Kendisine ait eski model bir tır ve karavan ile turneler boyunca dünyayı dolaşan Rossi, "Her ülke değiştirdiğimde 'Aferin sana oğlum' deyip, tırımı seviyorum. Çünkü beni hiç yarı yolda bırakmadı" diye ekliyor.
Rossi'nin karavan konteynerinin içi aile fotoğrafları ve albümlerle kaplı. Karavanının neredeyse tamamını fotoğraflarla ve anılarla dolduran Rossi, geçmişteki sirk arşivlerini ve gazete kupürlerini de saklıyor. Rossi, Ümraniye'ye taşınan sirkte, karavanındaki boş çerçeveye işaret ederek, "Doğacak çocuğumun fotoğraflarını bekliyor" diyor.
Sirkin kendilerine sunduğu uydu sayesinde İtalyan televizyonlarını izleyebildiğinden bahseden Rossi, zaman zaman eski şovlarından kalan videoları izleyerek, hala aynı heyecanla gülümsüyor.
Rossi, çadıra gidip seyirci karşısına çıkmadan önce, konteynerdeki küçük tuvaletinde makyaj takımını kullanarak o mazlum yüzlü, buruk gülüşlü palyaçoya dönüşüyor. Vladi Rossi, pudrasını ve allıklarını sürüp, makyajını tamamladıktan sonra, üzerinde başka bir palyaço çıkartması olan aynada kendisini inceliyor ve "Bu aynadaki palyaçonun aynısı benim bir arkadaşımdı, baktıkça onu hatırlıyorum" diyor.
Sahnede skeçleriyle insanları gülmekten kırıp geçiren, onlara mutluluk dağıtan Palyaço Rossi'nin sahnede görünmeyen hüznü, şov bittikten sonra makyajını silip, ailesini anlatırken yüzünden, gözlerinden okunuyor.
Rossi, uzun bir dönem kardeşiyle çalıştıktan sonra nasıl tek başına çalışmak zorunda kaldığını ise gözlerinden akan yaşları silerken, şu sözlerle anlatıyor:
"Bir program esnasında kardeşim sahneye benden önce çıkıyordu. Program dahilinde kardeşimin gelmesi gerekiyordu. Bekledim, dakikalarca geçmesine rağmen gelmedi. Sinirlenip gittiğimde ise kardeşimin karavanda öldüğünü gördüm."
İnsanları güldürmekten keyif aldığını ifade eden Rossi, "Bundan hoşlanmıyor olsam gerçekten özveri gösteremem. Bu işi kalben yapıyorum, sadece para için yapmıyorum. İnsanların hoşlanması çok önemli.

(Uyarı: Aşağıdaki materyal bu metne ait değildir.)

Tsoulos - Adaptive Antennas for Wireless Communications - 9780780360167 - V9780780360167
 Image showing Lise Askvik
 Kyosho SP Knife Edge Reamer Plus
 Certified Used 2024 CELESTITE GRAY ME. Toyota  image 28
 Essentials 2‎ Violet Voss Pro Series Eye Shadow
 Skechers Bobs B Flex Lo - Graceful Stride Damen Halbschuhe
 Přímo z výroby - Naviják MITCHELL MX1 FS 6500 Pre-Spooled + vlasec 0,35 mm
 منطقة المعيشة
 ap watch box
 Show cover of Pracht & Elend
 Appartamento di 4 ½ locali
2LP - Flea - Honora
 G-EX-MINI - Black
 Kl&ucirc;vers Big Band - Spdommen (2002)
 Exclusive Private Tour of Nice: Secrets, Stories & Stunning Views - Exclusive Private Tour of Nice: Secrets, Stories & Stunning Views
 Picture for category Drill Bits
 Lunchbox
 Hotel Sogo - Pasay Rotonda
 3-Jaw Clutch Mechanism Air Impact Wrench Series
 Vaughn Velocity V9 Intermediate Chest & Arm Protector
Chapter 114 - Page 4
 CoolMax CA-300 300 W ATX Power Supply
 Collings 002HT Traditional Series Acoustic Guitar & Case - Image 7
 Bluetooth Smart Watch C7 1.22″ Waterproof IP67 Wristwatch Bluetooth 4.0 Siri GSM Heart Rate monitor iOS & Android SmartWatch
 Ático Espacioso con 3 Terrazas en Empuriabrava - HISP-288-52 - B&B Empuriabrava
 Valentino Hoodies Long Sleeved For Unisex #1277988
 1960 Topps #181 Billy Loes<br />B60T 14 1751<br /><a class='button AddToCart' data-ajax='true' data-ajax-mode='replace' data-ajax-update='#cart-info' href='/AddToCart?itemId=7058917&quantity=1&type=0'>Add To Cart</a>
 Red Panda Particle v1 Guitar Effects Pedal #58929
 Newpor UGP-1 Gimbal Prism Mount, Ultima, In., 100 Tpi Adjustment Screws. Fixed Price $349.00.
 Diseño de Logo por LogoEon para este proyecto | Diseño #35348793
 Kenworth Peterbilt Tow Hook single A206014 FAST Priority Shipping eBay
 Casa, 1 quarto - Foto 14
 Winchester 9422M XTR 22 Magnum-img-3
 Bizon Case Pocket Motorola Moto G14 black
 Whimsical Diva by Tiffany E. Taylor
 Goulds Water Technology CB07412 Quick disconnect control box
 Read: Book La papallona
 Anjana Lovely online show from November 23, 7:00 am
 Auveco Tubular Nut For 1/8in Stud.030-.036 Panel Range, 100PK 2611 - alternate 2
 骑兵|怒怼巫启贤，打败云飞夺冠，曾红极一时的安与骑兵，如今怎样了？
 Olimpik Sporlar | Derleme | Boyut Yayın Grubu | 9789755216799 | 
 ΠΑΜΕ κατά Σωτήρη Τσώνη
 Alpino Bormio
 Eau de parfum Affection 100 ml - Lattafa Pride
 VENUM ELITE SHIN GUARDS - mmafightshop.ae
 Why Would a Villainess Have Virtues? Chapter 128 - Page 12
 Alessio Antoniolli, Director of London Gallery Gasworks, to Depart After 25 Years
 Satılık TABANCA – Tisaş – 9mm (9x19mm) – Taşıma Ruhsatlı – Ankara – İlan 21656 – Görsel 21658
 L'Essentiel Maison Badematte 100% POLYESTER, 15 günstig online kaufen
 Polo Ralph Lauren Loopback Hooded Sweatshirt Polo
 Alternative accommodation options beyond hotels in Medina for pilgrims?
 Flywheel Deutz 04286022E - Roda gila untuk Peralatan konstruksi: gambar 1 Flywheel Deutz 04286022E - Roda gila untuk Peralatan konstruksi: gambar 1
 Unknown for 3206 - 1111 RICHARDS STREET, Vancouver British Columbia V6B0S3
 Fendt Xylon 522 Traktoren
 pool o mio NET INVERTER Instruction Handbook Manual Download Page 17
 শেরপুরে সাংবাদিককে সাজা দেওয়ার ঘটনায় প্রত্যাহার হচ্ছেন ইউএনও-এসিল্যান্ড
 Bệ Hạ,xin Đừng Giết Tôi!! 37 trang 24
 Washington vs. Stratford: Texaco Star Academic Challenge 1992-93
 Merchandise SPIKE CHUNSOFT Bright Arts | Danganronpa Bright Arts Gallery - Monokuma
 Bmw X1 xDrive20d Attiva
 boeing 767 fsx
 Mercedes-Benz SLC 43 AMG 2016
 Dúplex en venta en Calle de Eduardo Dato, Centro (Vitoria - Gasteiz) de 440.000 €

Final olduğu zaman el sallamalar, alkışlar beni çok teşvik ediyor ve finallerde çok çok mutlu oluyorum. Ben işin hakkını vermeye ve kalben çalışmaya inanıyorum" diyor.
Rossi, yeni doğacak çocuğunun geleneksel aile mesleği "sirkçilik" yerine, okumasını tercih ettiğini belirtirken, "Artık bugün için sirkler çok zor. Geleceğin ne göstereceği belli olmaz, ümit edelim ki iyi olsun" ifadelerini kullanıyor.
Daha önce 1976, 1980, 1997 yıllarında Türkiye'ye geldiğini anlatan Rossi, Türk insanının çok sıcak olduğunu ve sirk programlarını sevdiğini gözlemlediğini söylüyor.
Vladi Rossi, genç palyaço adaylarına da, "Benim gibi kalben çalışırlarsa inanıyorum ki çok başarılı olacaklar ama sadece para için bu iş olmaz" tavsiyesinde bulunuyor.